▶ **TRY IT**: Copy verbatim the span of lines beginning at the line that contains "奇异世界：灵魂风暴加强版/Oddworld: Soulstorm Enhanced" and ending with the final line of the data. Exclude pictures from the copy.

▶ **Recorded data**:

════════════════

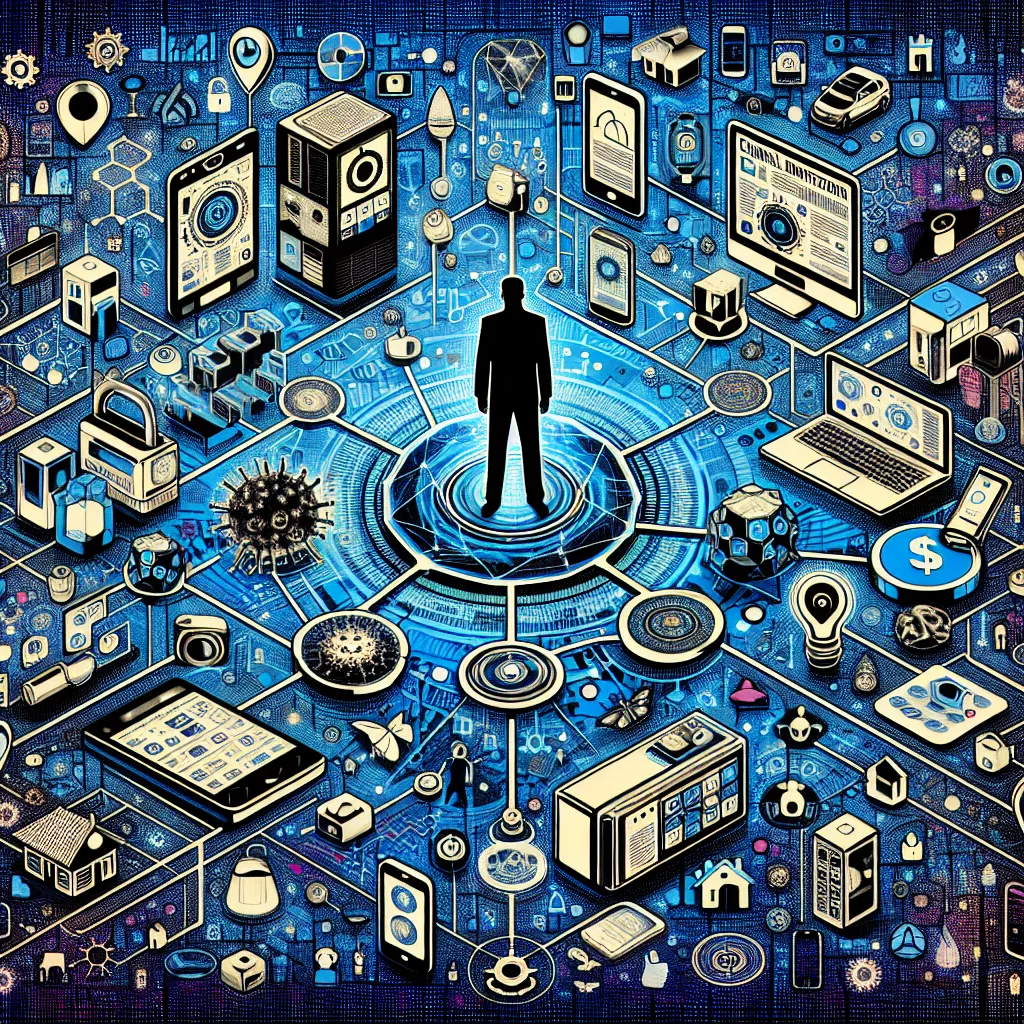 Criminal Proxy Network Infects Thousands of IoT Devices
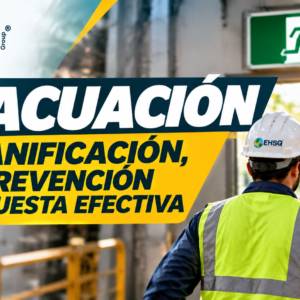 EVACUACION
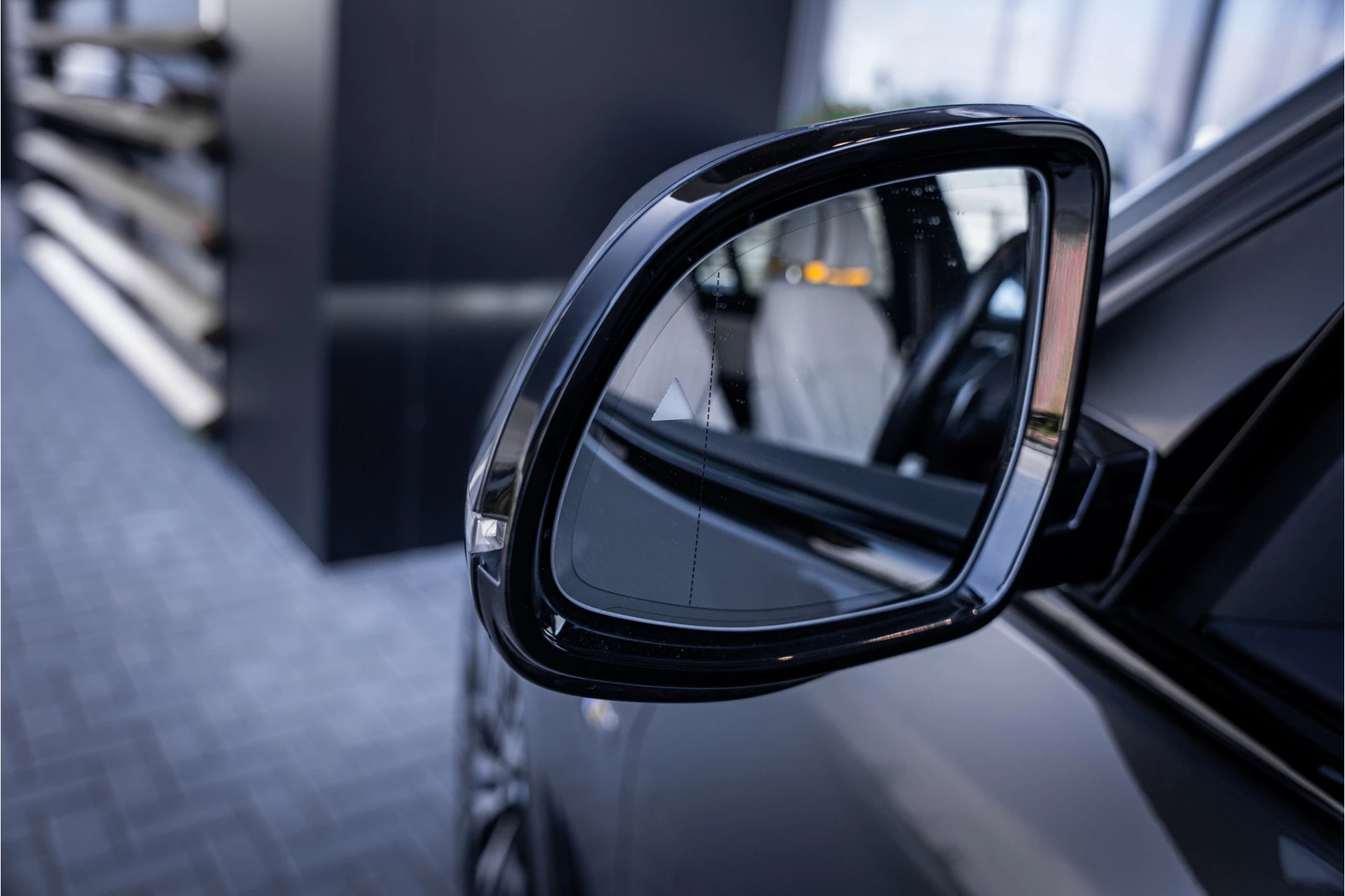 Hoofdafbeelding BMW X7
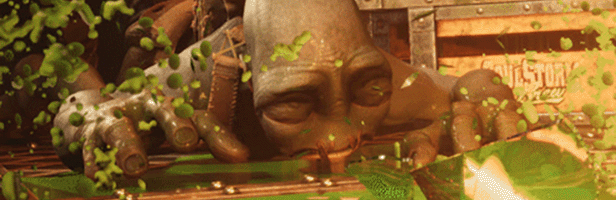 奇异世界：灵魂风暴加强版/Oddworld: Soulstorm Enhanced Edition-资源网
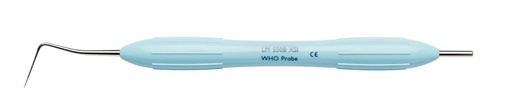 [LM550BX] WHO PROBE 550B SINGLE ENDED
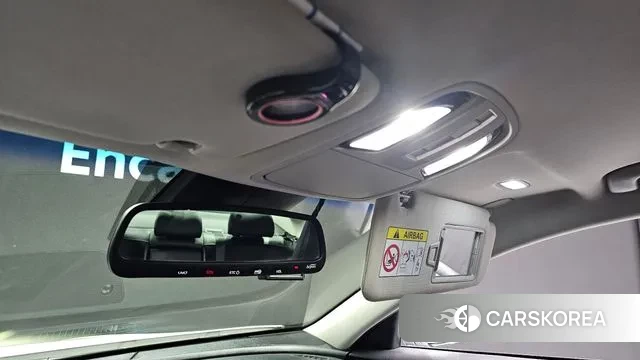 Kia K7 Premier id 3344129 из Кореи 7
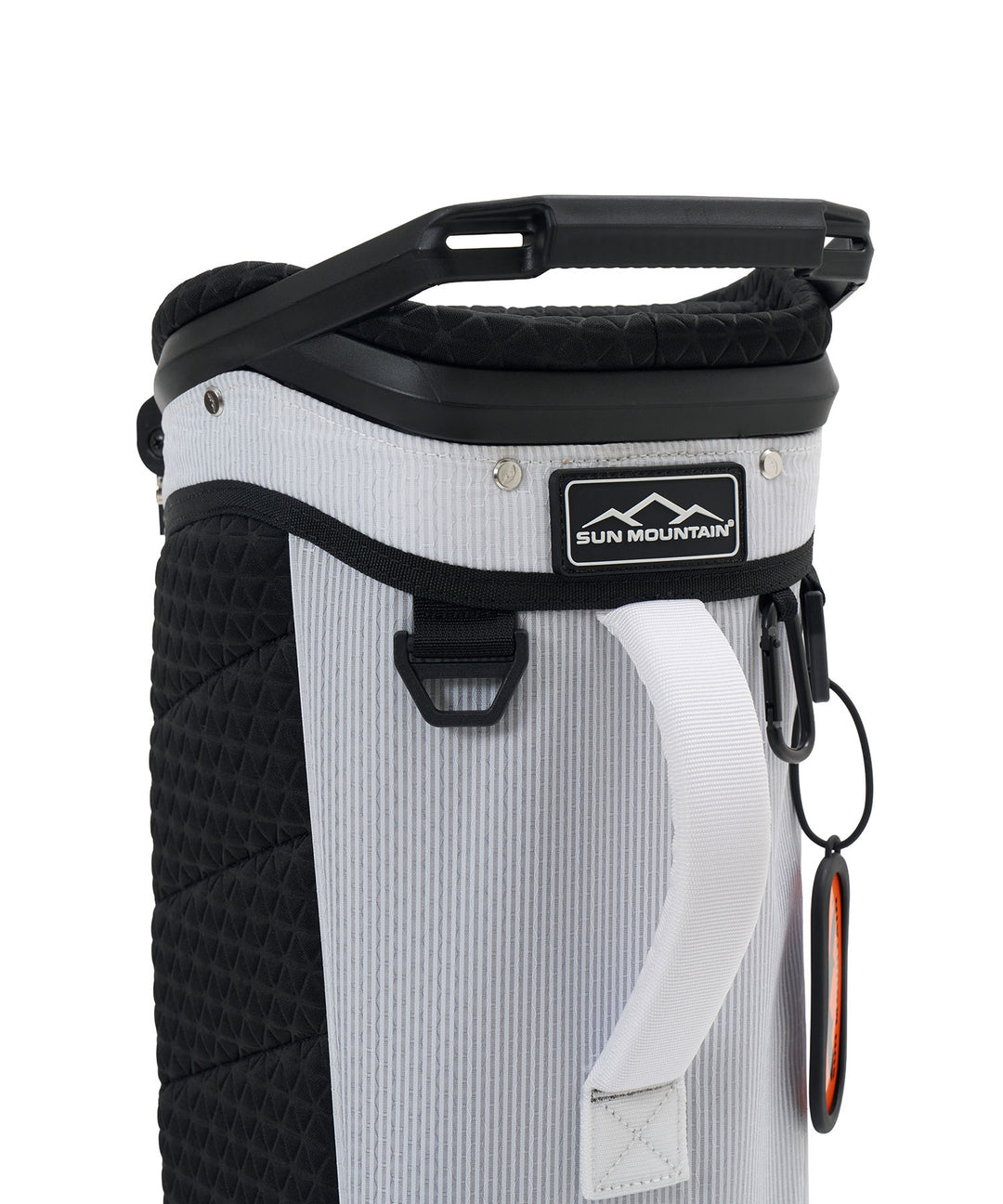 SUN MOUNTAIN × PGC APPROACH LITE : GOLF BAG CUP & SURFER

════════════════

▶ **TASK ANSWER**:
 奇异世界：灵魂风暴加强版/Oddworld: Soulstorm Enhanced Edition-资源网
 [LM550BX] WHO PROBE 550B SINGLE ENDED
 Kia K7 Premier id 3344129 из Кореи 7
 SUN MOUNTAIN × PGC APPROACH LITE : GOLF BAG CUP & SURFER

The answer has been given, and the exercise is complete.